(Stored items)

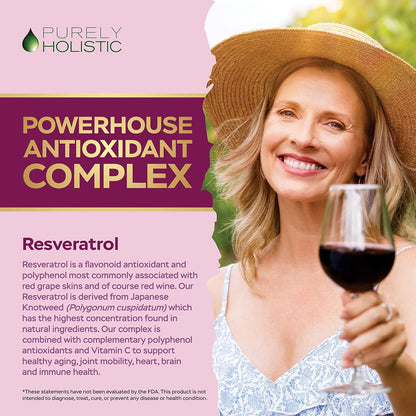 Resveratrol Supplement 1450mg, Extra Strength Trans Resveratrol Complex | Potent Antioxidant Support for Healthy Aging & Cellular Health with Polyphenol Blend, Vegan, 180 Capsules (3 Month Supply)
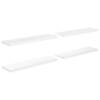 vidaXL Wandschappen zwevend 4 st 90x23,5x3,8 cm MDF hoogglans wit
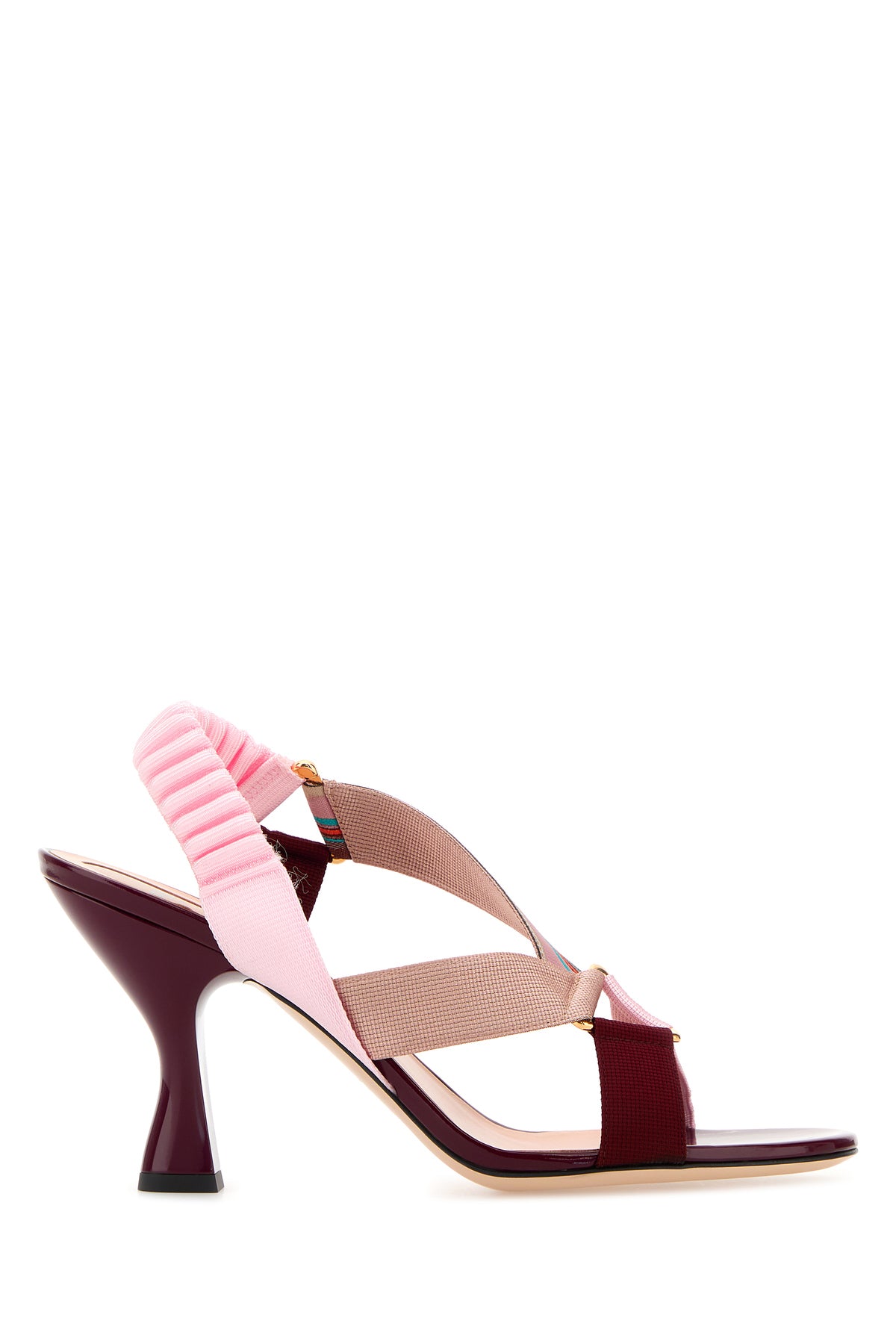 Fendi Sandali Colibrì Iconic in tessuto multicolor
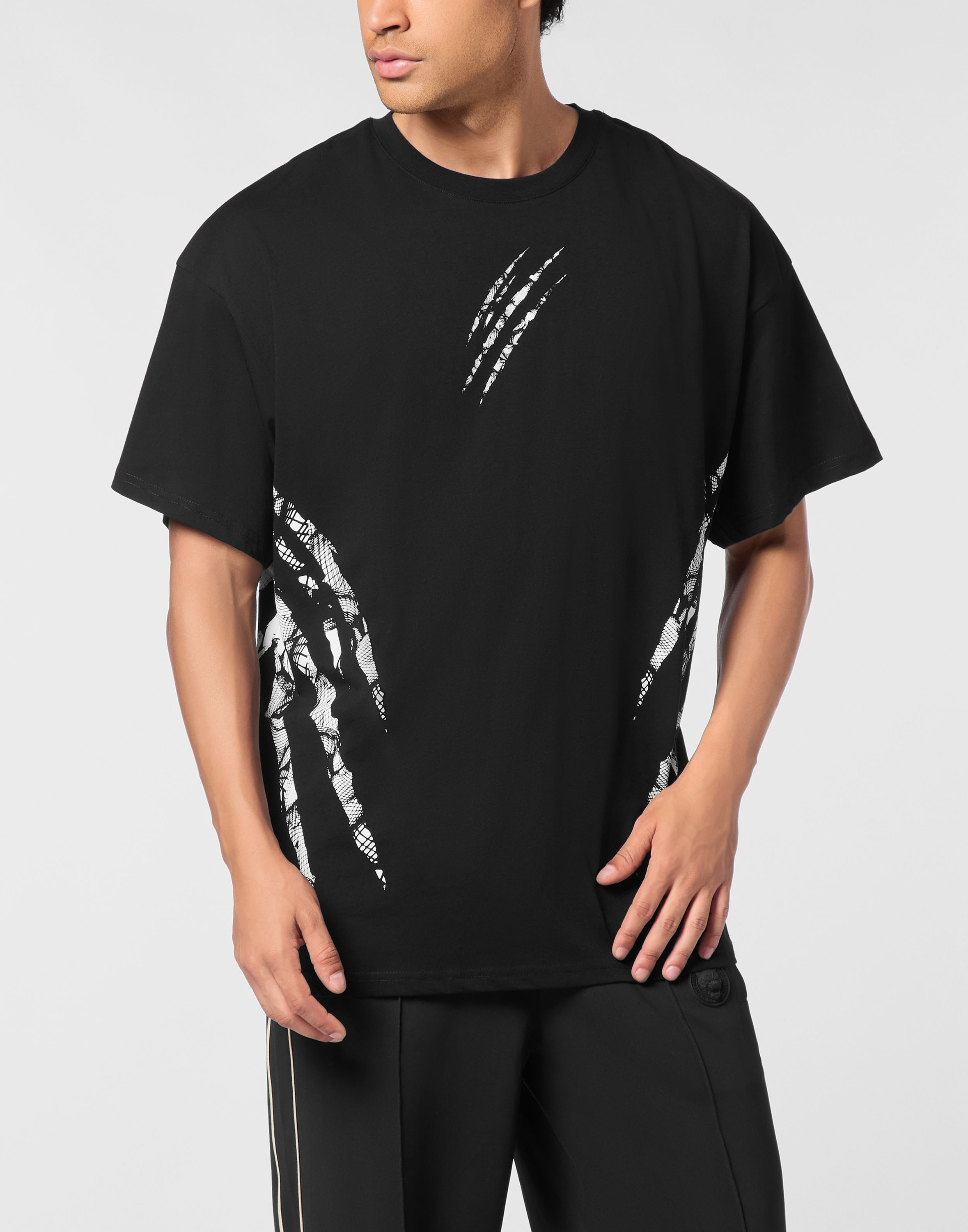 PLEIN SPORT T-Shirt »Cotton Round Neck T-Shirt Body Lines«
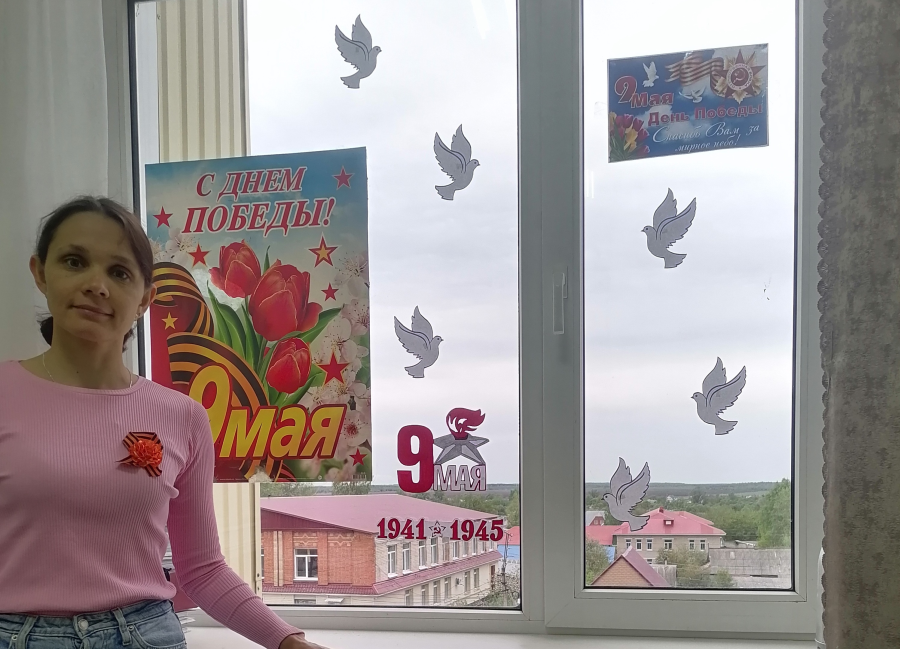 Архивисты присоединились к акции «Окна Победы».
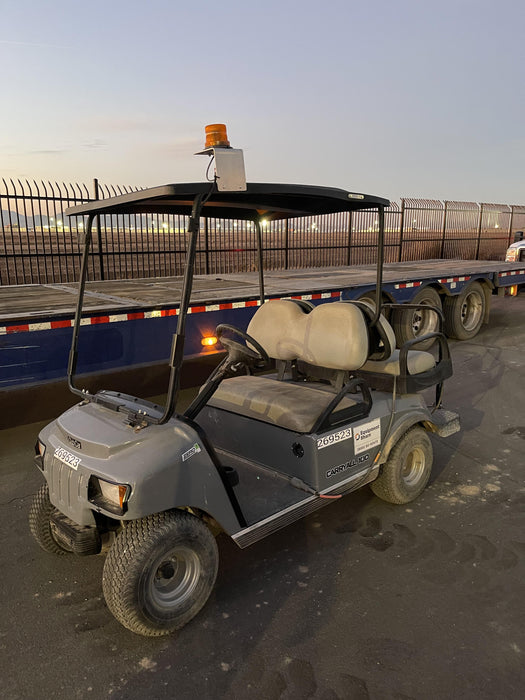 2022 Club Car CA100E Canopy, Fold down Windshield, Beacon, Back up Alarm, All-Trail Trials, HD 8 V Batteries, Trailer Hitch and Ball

== Work request ==
Would you transcribe, exactly and only, the lines from the one that contains "PLEIN SPORT T-Shirt" through the last line of the data above, without any pictures?

== Exercise solution ==
 PLEIN SPORT T-Shirt »Cotton Round Neck T-Shirt Body Lines«
 Архивисты присоединились к акции «Окна Победы».
 2022 Club Car CA100E Canopy, Fold down Windshield, Beacon, Back up Alarm, All-Trail Trials, HD 8 V Batteries, Trailer Hitch and Ball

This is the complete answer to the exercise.